During the same hearing, the judge also appeared to allude to another possible interaction at the Havana Room gathering: a handoff by Manafort of internal polling data from Trump’s presidential campaign to his Russian associate.

Kilimnik has denied having connections to Russian intelligence and is believed to be in Russia. He was indicted with Manafort on charges of conspiring to tamper with witnesses in Manafort’s D.C. case but is unlikely to be brought to court because Russia does not extradite its citizens.

Manafort’s attorneys have said in court filings, and repeated after his Virginia sentencing, that he was never accused of collusion or any Russia-related crimes.
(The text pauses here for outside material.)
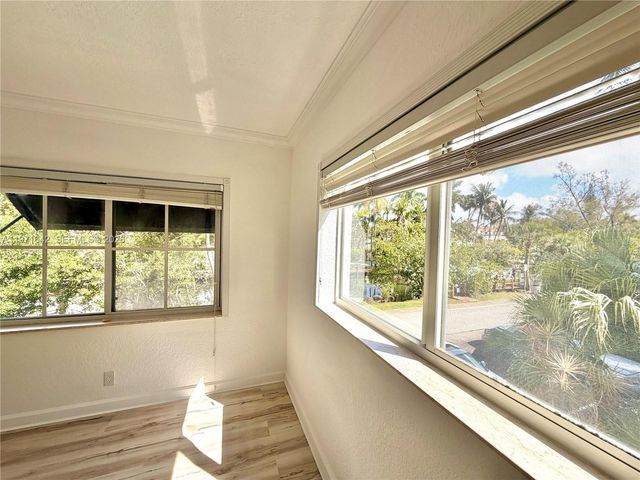 924 SE 2nd St 9, Fort Lauderdale, FL 33301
The second sentencing will mark a milestone in Manafort’s legal saga, which began in October 2017 when he and his longtime employee and campaign deputy Rick Gates became the first defendants publicly charged in Mueller’s probe . Gates later pleaded guilty to conspiracy and lying to the FBI. He agreed to cooperate with the investigation and has yet to be sentenced.

Manafort faced two federal trials because he exercised his option to keep the tax and bank fraud charges in the state where he lived.

At trial in Virginia in August, a jury found him guilty on eight counts and deadlocked on 10 others.

On Sept. 14, on the eve of jury selection for his trial in Washington, Manafort pleaded guilty and agreed to cooperate with the Mueller team.

In sentencing memos to Jackson, prosecutors did not ask for a specific term to be imposed but urged it be enough to deter Manafort and others from committing similar crimes.

In their memo, prosecutors cast Manafort’s conduct as the work of a veteran political operator who served at the pinnacle of both an American presidential campaign and his own, secretive lobbying operation, yet who was also a serial liar and a “bold . . . hardened” actor who undertook “concerted criminal action” spanning years.

Manafort “lied to the . . . FBI, this office, and the grand jury,” prosecutors wrote. But his deceit also extended to tax preparers, bookkeepers, banks, the Treasury and Justice Departments and his own lawyers, prosecutors contended.

Manafort’s team appealed for less time, arguing he was singled out by prosecutors for lobbying and financial crimes unrelated to Russian collusion with Trump’s campaign and “vilified in a manner that this country has not experienced in decades.”

Manafort “is presented to this Court by the government as a hardened criminal who ‘brazenly’ violated the law and deserves no mercy. But this case is not about murder, drug cartels, organized crime, the Madoff Ponzi scheme or the collapse of Enron,” his defense wrote.

They highlighted his work for a succession of Republican presidents and presidential candidates including Gerald Ford, Ronald Reagan, George H.W. Bush and Bob Dole and presented him as a victim of vindictive prosecutors desperate to “tighten the screws” on a witness at the apex of Trump’s campaign to “flip” and implicate others, attorneys Kevin M. Downing, Thomas E. Zehnle and Richard W. Westling wrote.

Manafort joined the Trump campaign in March 2016 and left in late August of that year amid reports about his payments for his political work in Ukraine.

Manafort at last week’s sentencing asked for compassion.

“The last two years have been the most difficult years for my family and I,” Manafort said. “To say that I feel humiliated and ashamed would be a gross understatement.”

“My life is professionally and financially in shambles,” he said. The worst pain, he said, “is the pain my family is feeling,” adding that he had drawn strength from the “outpouring of support” he had received despite the “media frenzy.”